Goal: Build language model.

References:
- http://karpathy.github.io/2015/05/21/rnn-effectiveness/
  - https://github.com/karpathy/char-rnn
  - https://cs.stanford.edu/people/karpathy/char-rnn/
  - https://gist.github.com/karpathy/587454dc0146a6ae21fc
- https://www.tensorflow.org/text/tutorials/text_generation

In [None]:
import tensorflow as tf
import numpy as np
ks = tf.keras
print("TensorFlow version:", tf.__version__)

import urllib
import math

In [None]:
# Install the tensor2tensor library which contains useful functions for the attention mechanism.
!pip3 install tensor2tensor
from tensor2tensor.layers.common_attention import dot_product_attention

# Get the data

Using a Shakespeare dataset

In [None]:
# Karpathy's datasets used in his blog post,
# http://karpathy.github.io/2015/05/21/rnn-effectiveness/,
# and listed here: https://cs.stanford.edu/people/karpathy/char-rnn/.

TEXT_URL = {
    'shakespeare': 'https://cs.stanford.edu/people/karpathy/char-rnn/shakespeare_input.txt',
    'linux': 'https://cs.stanford.edu/people/karpathy/char-rnn/linux_input.txt',
    'tolstoy': 'https://cs.stanford.edu/people/karpathy/char-rnn/warpeace_input.txt',
}['shakespeare']  # Select a dataset

with urllib.request.urlopen(TEXT_URL) as f:
  text = f.read()

print(f'Length of text: {len(text)} characters')

In [None]:
# Note that the text is stored as a byte string
print(type(text))

In [None]:
# look at sample of the data
print(text[2100:2600].decode("utf-8"))

In [None]:
# This will be character level model. Serious language models use word pieces (https://paperswithcode.com/method/wordpiece).

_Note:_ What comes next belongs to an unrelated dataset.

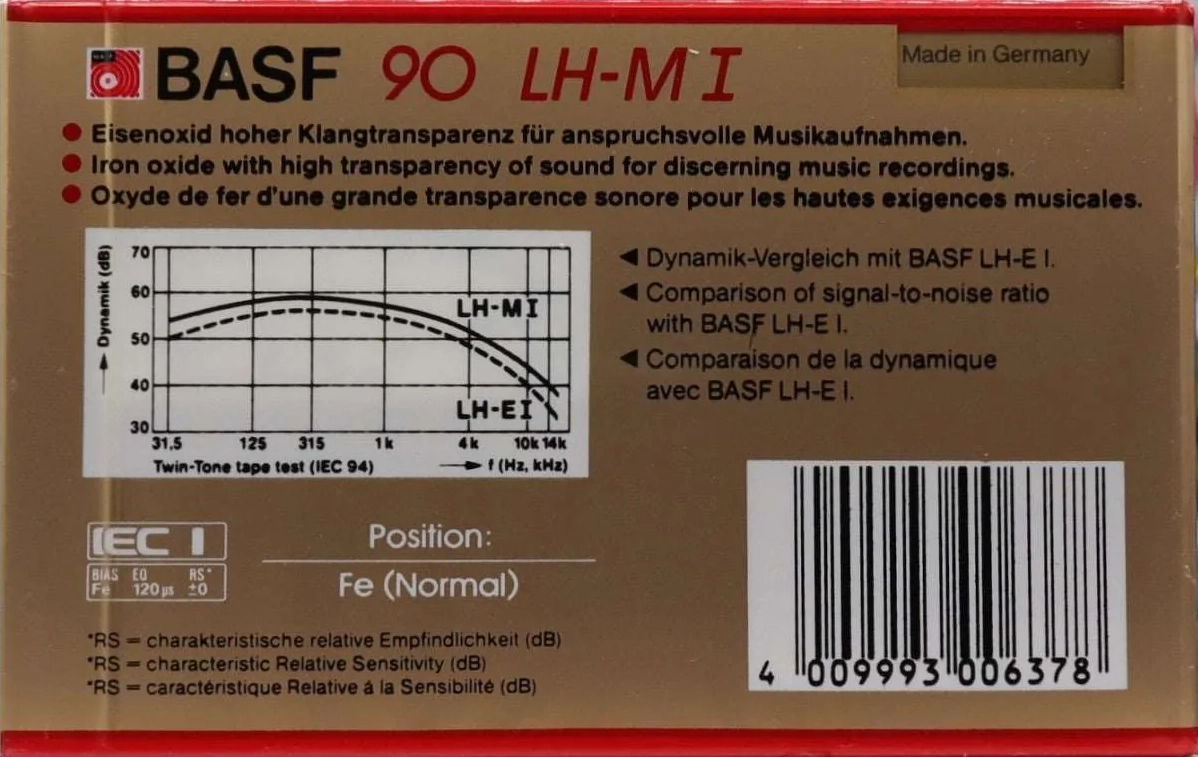 Compact Cassette BASF LH Maxima I 90 "LH-M I" Type I Normal 1986 Europe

# Make a numpy array of ASCII chars
raw_seq = np.frombuffer(text, dtype=np.uint8)

# Token ID to ascii code conversion
token_to_ascii = np.array(sorted(set(raw_seq)))
VOCAB_SIZE = len(token_to_ascii)

# Ascii code to token ID conversion
ascii_to_token = np.full(256, -1, np.int_)
for token, ascii in enumerate(token_to_ascii):
  ascii_to_token[ascii] = token

# Convert ascii array to token ID array
token_seq = ascii_to_token[raw_seq]

print('vocab size:',VOCAB_SIZE)
print('seq:', token_seq[:20])
print(token_seq.shape)
print(token_seq.dtype)
print('\ntoken_to_char:', token_to_ascii)
print('any invalid?', np.any(token_seq == -1))
print('min:', np.min(token_seq),'  max:', np.max(token_seq))

In [None]:
BATCH_SIZE = 32  # 16
CONTEXT_SIZE = 100  #  500;  truncated sequence length
PAD_CHAR = token_to_ascii[0]
PAD_LEN = math.ceil(token_seq.size / (BATCH_SIZE*CONTEXT_SIZE)) * BATCH_SIZE*CONTEXT_SIZE - token_seq.size

parallel_seq = np.append(token_seq, [PAD_CHAR]*PAD_LEN).reshape(BATCH_SIZE, -1)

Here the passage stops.